Education is the means and training is the object – the philosophy of education systems is to train people better, not to accumulate information. This is a trivial matter, but it has not been understood as it should have in Afghanistan, as the education systems have been unable to fulfill such a mission as effective as possible. Of course, human resource development is not only possible through education and family, but also community, groups and even circles of close friends can play impactful roles. Not to mention that the education system plays the most important role. In Afghanistan, the concept of education is mainly summarized in the transfer of information to students, and the subject of education has been forgotten.
Prioritizing education means that the development and formation of the student’s personality should be the main focus of the education system. The proper development of human personality is firstly linked to mental health as children and teenagers are in the most sensitive stages of their lives and the deficiencies in the educational environment will cause serious damage to their mental health, causing lifelong neurosis and psychosis. This problem is more obvious in religious schools or madrasas. First, due to being away from the family and being deprived of the necessary love and affection, secondly, due to age incompatibility, thirdly, due to the incompatibility of the curriculum with age factors, and fourthly, due to the deprivation of recreational areas, which are greatly needed at this age. Although schools slightly perform better than madrassas in this respect, they are not much different from religious schools compared to developed countries. In fact, the educational environment should give students a sense of personality and self-esteem, something that is reversed in Afghanistan and often instills a sense of inferiority and impersonality. Those who have the experience of living in other countries will easily realize the unbalanced behavior of many adults, and it shows an inability to understand and cooperate from the level of streets and markets to government offices and finally to the realm of politics and national issues in the form of endless tensions.

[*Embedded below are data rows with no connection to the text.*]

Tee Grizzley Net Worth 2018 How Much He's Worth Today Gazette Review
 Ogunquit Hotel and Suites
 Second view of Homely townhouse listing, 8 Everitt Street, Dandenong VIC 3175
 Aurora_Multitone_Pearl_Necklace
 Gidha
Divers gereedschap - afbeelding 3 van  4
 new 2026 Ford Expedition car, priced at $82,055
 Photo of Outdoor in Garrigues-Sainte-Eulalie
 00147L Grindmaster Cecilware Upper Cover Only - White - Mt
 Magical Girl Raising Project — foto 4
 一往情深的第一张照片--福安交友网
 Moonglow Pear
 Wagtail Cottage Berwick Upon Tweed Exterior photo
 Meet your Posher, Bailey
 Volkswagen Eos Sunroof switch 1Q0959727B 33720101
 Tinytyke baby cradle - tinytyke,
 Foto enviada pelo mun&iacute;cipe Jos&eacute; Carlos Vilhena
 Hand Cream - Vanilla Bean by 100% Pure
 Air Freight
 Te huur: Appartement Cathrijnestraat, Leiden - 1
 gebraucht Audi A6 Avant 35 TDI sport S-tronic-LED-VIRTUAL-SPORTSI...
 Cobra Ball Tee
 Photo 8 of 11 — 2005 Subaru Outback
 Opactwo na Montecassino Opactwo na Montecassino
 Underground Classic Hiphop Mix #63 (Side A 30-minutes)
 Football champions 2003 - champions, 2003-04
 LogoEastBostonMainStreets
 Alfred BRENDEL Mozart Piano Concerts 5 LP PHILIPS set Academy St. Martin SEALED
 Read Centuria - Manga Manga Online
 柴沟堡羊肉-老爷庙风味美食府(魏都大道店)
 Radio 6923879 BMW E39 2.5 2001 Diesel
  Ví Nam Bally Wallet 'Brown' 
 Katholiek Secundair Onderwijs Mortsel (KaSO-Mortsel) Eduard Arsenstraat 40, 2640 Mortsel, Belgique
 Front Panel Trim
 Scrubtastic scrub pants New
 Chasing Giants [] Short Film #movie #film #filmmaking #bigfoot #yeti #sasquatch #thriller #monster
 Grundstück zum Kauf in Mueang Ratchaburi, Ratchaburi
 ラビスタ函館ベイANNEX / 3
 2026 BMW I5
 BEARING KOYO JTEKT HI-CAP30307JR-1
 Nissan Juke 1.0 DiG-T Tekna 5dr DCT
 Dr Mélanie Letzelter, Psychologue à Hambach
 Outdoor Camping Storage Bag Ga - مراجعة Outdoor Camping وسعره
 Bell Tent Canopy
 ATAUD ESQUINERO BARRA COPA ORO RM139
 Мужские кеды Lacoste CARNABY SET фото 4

Mental health is reflected in social behavior and learning social manners is another part of the responsibilities of the education system to replace good habits with bad habits in the personality of students. Therefore, half of the educational programs should have a practical aspect to lead to the institutionalization of acceptable social behaviors in the student’s personality, and this is something that cannot be done with just linguistic reminders and moral advice. In the higher stages, there is a need to cultivate the abilities that make the student self-reliant, to be successful in human life, and this becomes possible if a student learns the skills of work and economic activity and can turn the wheel of his/her life. In addition to all this, it should be considered that we live in a global village and while we keep the roots of our identity alive with our cultural and civilizational past, we should be global citizens at the same time, both in vision and awareness. To find the ability to communicate and interact with other inhabitants of the earth. For this reason, international organizations specializing in this field have revised the definition of literacy and illiteracy and have considered the following items as literacy criteria in the 20th century: emotional literacy, communication literacy, financial literacy, media literacy, educational literacy, information technology literacy, health literacy, racial and ethnic literacy, environmental literacy, analytical literacy, energy literacy and scientific literacy. Nations that are considered illiterate in this sense, their fate is the same as we see in Afghanistan.